Las personas vivimos constantemente en conflicto, eso es una parte inevitable de la condición humana. Pero los conflictos son asunto de manejo muy delicado, porque tienen el potencial de desencadenar la violencia, en muy diversos grados, aunque también abren la posibilidad de que construyamos alternativas que a su vez abran la puerta a otras posibilidades de realización de las personas.

En ese sentido, la política es nuestro instrumento más desarrollado para transformar los conflictos, aunque a veces hagamos mal uso del mismo y terminemos empeorando las cosas. Pero cuando hacemos buen uso de la política, cuando nos abrimos a las perspectivas ajenas y reconocemos que el mundo es más amplio que nuestra propia imaginación, y nos disponemos a colaborar y a negociar, aumentan las posibilidades de que las circunstancias mejoren para todas las personas.
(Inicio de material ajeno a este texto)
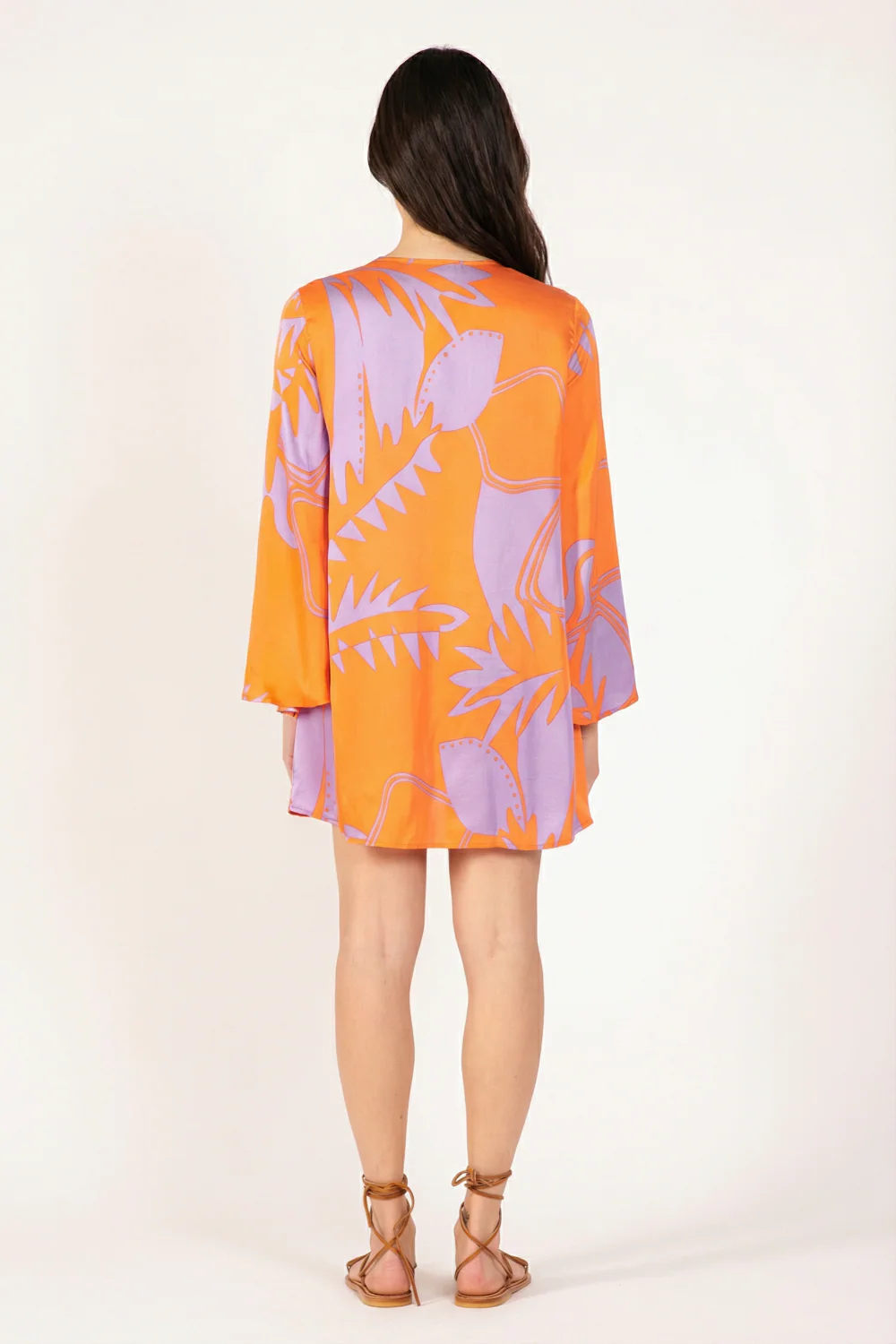 Mini Dress Gia - Orange Oasis - Image 4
Claro que hacer un buen uso de la política es algo complejo, porque la política no es un asunto entre dos personas, sino que, dependiendo de la circunstancia, involucra desde decenas hasta millones de personas, cada una con su propia visión del mundo. Armonizar todo eso es una gran proeza.

Ahora bien, una parte de esa armonización implica decidir cómo repartir los recursos públicos, y decidir qué le toca a cada quien: cargas o beneficios y en qué proporción. Y esa decisión es, en última instancia, una cuestión de poder. Por cierto, por cargas me refiero a impuestos, sanciones, restricciones, mientras que los beneficios pueden ser apoyos financieros o materiales, una atención preferencial, etcétera. Todo ello llevado a cabo con recursos públicos, es decir, los recursos de todas las personas.

Así pues, el reparto de esas cargas o beneficios dependerá de lo que la sociedad va decidiendo a través de los mecanismos de la política, que no son solamente los que usan las organizaciones de gobierno, sino también la presión pública que se ejerce de todas las maneras posibles, incluyendo el uso de redes sociales.

De modo que la decisión sobre la manera de asignar esos recursos es el resultado, por un lado, de la cantidad de poder que cada grupo social puede ejercer en un momento dado, y, por el otro, de la legitimidad que la gran mayoría de los demás grupos sociales le reconoce a los intereses de cada grupo en particular.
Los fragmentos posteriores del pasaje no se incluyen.